Getting Back on the Horse

I learned how to ride horses very young in life and got to hear the saying "get back on the horse" a few too many times. I have had a couple rough days to start this week, and it caused me to not want to write blog posts because I felt so bad about it. I "fell" off the diet and workout plan on Sunday and stayed dismounted for two days. I finally got myself together on wednesday and went to crossfit and ate correctly. I am really bummed with myself because of my three day hiatus. I feel that to be successful in this I have to stick with it and stay on the freaking horse! Falling off can't happen too often, and getting back on better happen really quick to avoid steps backward in progress.

Getting back on the horse is hard, you feel defeated and frustrated with yourself. I felt awful the whole time about the fact that I couldn't pull myself out of the slump I was in. I think that the difficulty in staying with my routine stemmed from being done with classes and not having a set schedule to work my exercising and eating around.  I am learning to pull encouragement from within myself, because even though I have a great family that supports me I still need to be able to push and motivate myself. I am always thinking about what I will look like and how I will feel when I have hit my goal weight. As I examine my own flaws I notice that I am looking at a goal that is so far away, and that I need to give myself rewards for benchmarks towards the end goals. I am so excited to buy new clothes and such, but I need to figure out what I will do for myself when I hit 175 or 160. Allowing myself to have little victories to build up to the final goal will keep me excited to see this to the end.
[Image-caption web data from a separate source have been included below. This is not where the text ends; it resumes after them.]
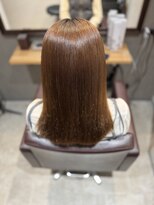 シーバイボクノ 銀座(si by bokuno)&nbsp;髪質改善/縮毛矯正/髪質改善カラー/髪質改善トリートメント/銀座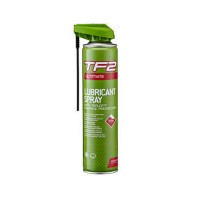 WELDTITE Mazací olej s teflónom TF2 Aerosol Spray with Teflon® (400ml), Smart Head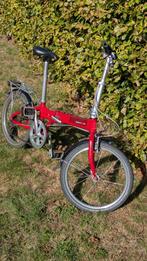 Dahon plooifiets Vitesse 7 versnellingen, Fietsen en Brommers, Ophalen, Gebruikt, Dahon, Versnellingen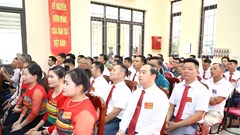 Quyết tâm đưa vùng biên về đích nông thôn mới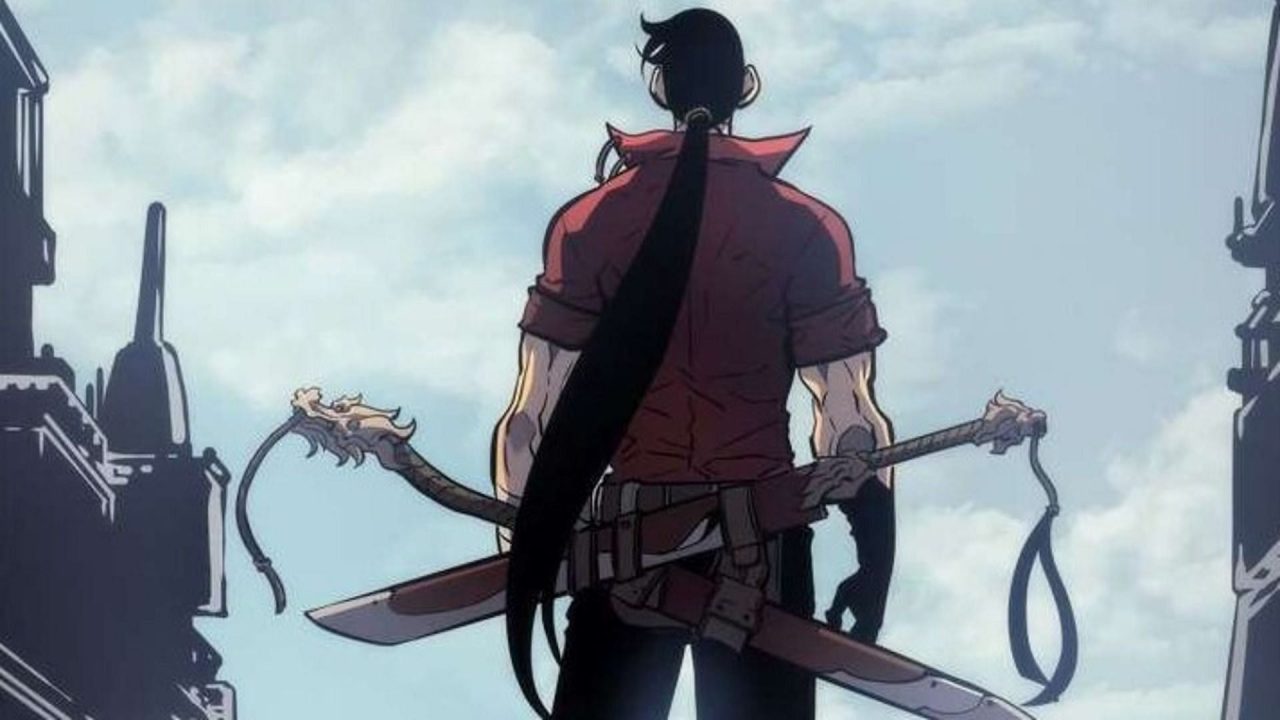 Liu Zhigang vai aparecer no final da 2ª temporada de Solo Leveling ...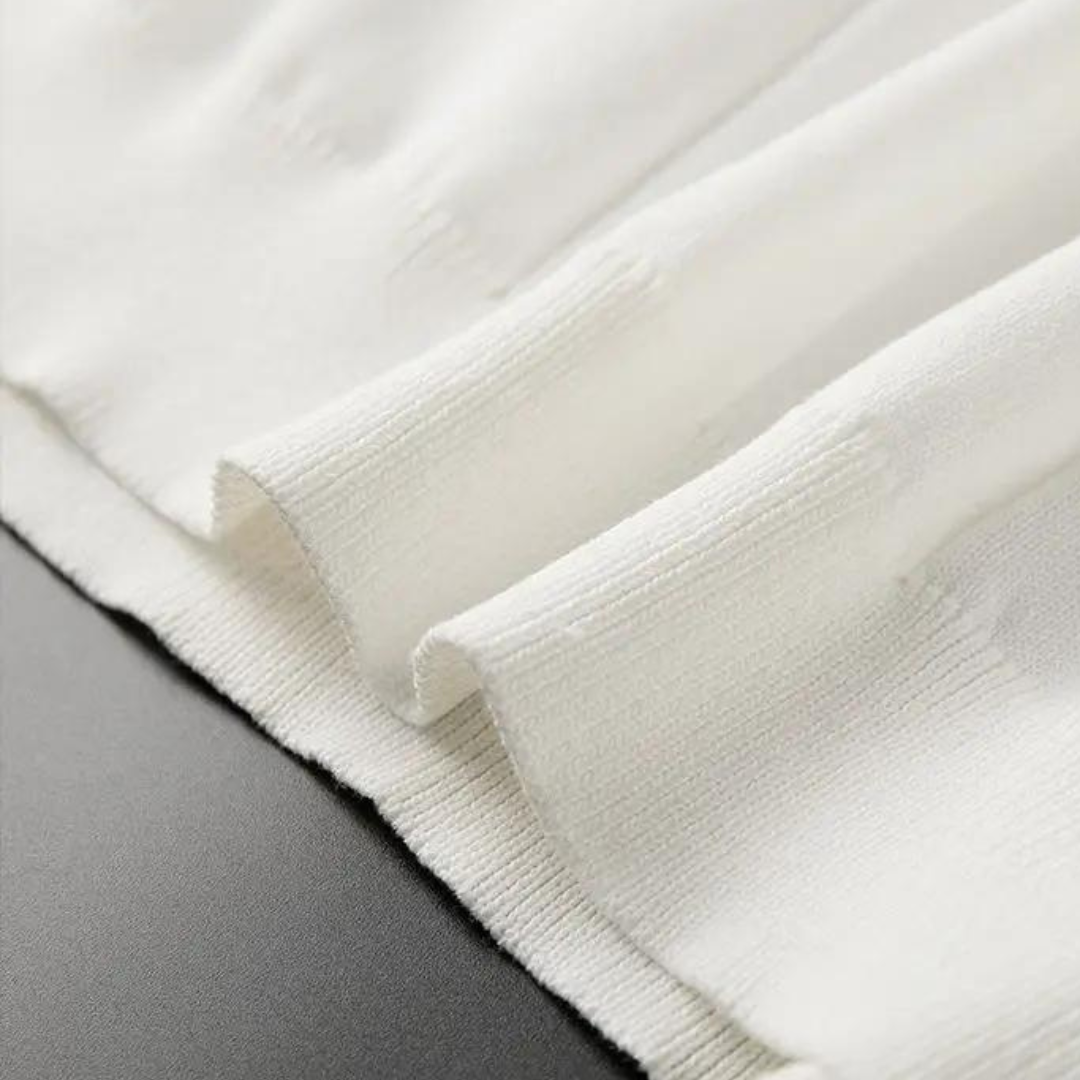 Laurent™ | Polo en coton Portofino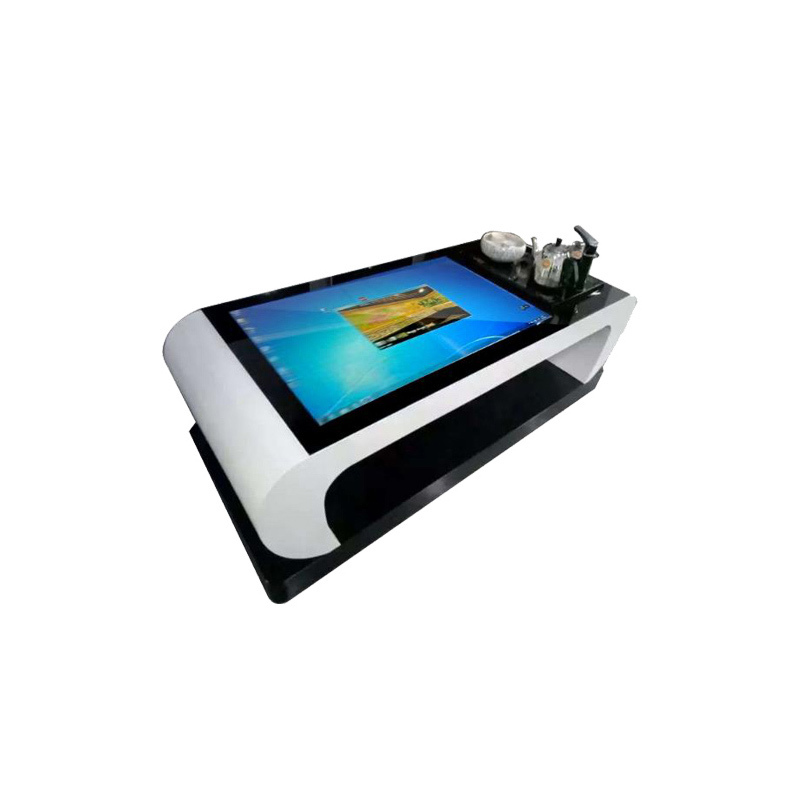 55 inch Touch Screen Computer Table Desk Smart Table for Education Museum Digital Display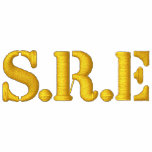 S.R.E POLO LADIES embroidered shirts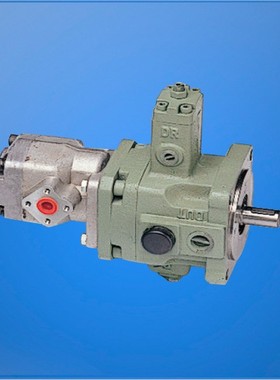 新鸿齿轮泵VGPE-F25A 25CC吐出量液压泵浦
I am super tired and will be up tomorrow for a run, so I will leave you with a question.

Q: What is your goal, and what keeps you motivated to see it through?

1 comment:

  1. My goal is to way the same I did in junior high (about 125lbs). I was the same height then as I am now, sadly, so it seems like a reasonable goal.

    What keeps me motivated? The fact that I have an entire life ahead of me that i'd like to live like a bad-ass! And I only have one body, and I'd like it to last me as long as it possibly can.